▶ [PROBLEM REQUIREMENTS]: Below are records with pictures; copy word for word only the lines between the line with "TOOVREN iPhone 11" and the line with "Anta X Solid", inclusive, and drop the pictures.
======
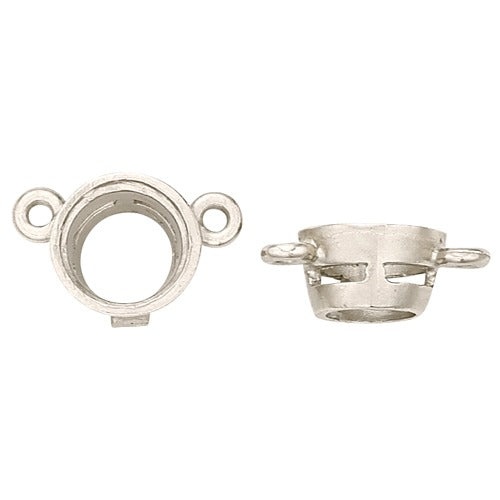 14K White Round Tapered Bezel W/ Airline & 2 Angled Rings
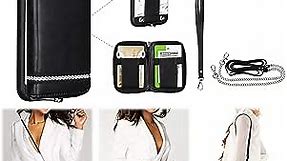 TOOVREN iPhone 11 Pro Case 5.8 inch, Detachable Wallet Case Card Holder iPhone 11 Pro Case Wallet Handbag with Wrist Strap Crossbody Chain Zipper Wallet Case for iPhone 11 Pro 5.8" Black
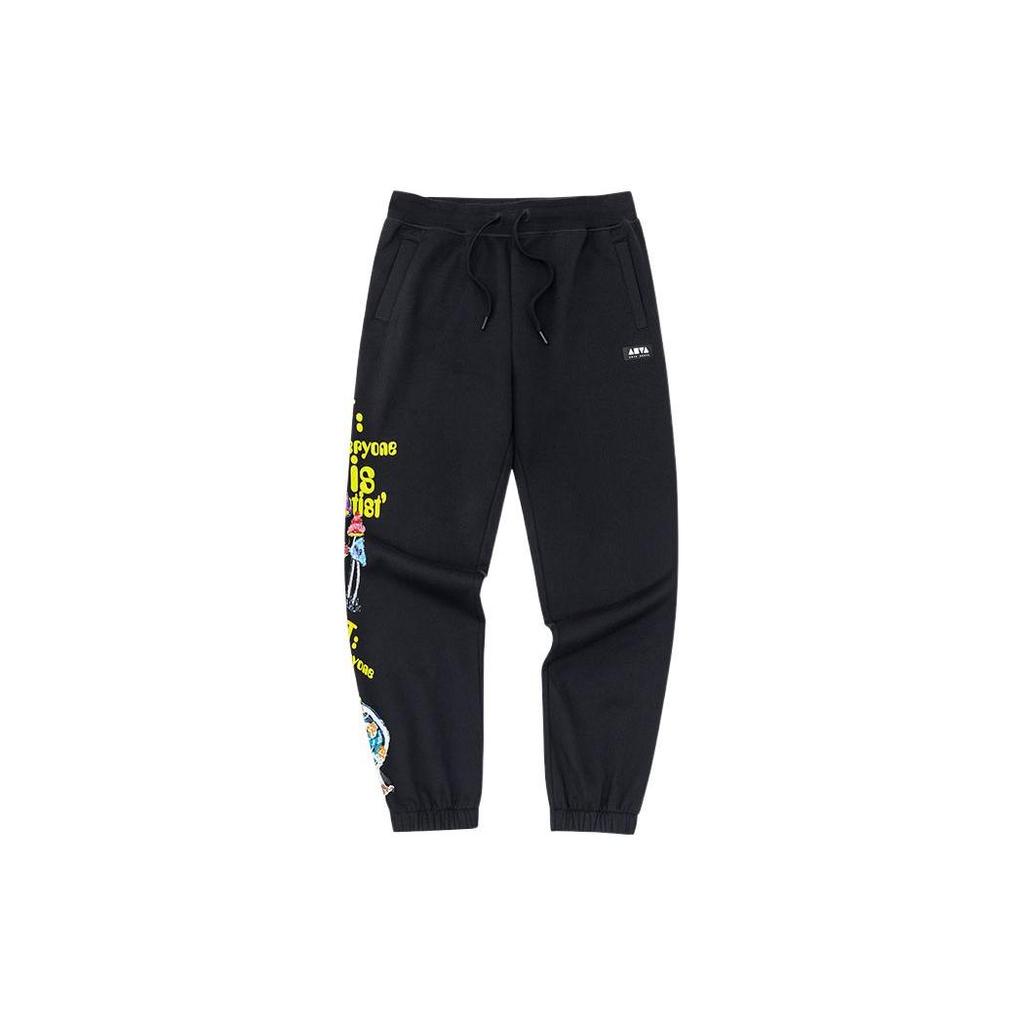Anta X Solid Color Printed Drawstring Fleece Cuffed Sports Pants Unisex Pants Black 172248313-2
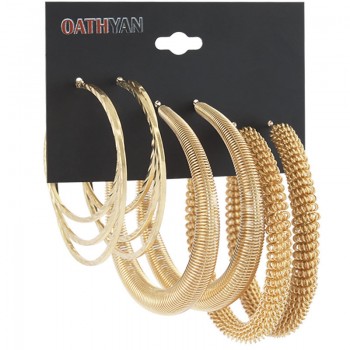OATHYAN 3 Pairs/Set Classic Oversize Gold Color Metal Hoop Earrings Set Mix For Women Round Big Circle Earring Statement Jewelry
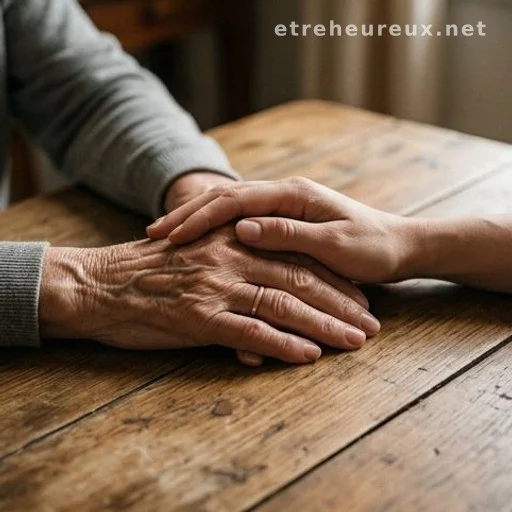 Two pairs of hands resting close together on a table, suggesting connection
======
▶ [EXERCISE RESPONSE]:
 TOOVREN iPhone 11 Pro Case 5.8 inch, Detachable Wallet Case Card Holder iPhone 11 Pro Case Wallet Handbag with Wrist Strap Crossbody Chain Zipper Wallet Case for iPhone 11 Pro 5.8" Black
Anta X Solid Color Printed Drawstring Fleece Cuffed Sports Pants Unisex Pants Black 172248313-2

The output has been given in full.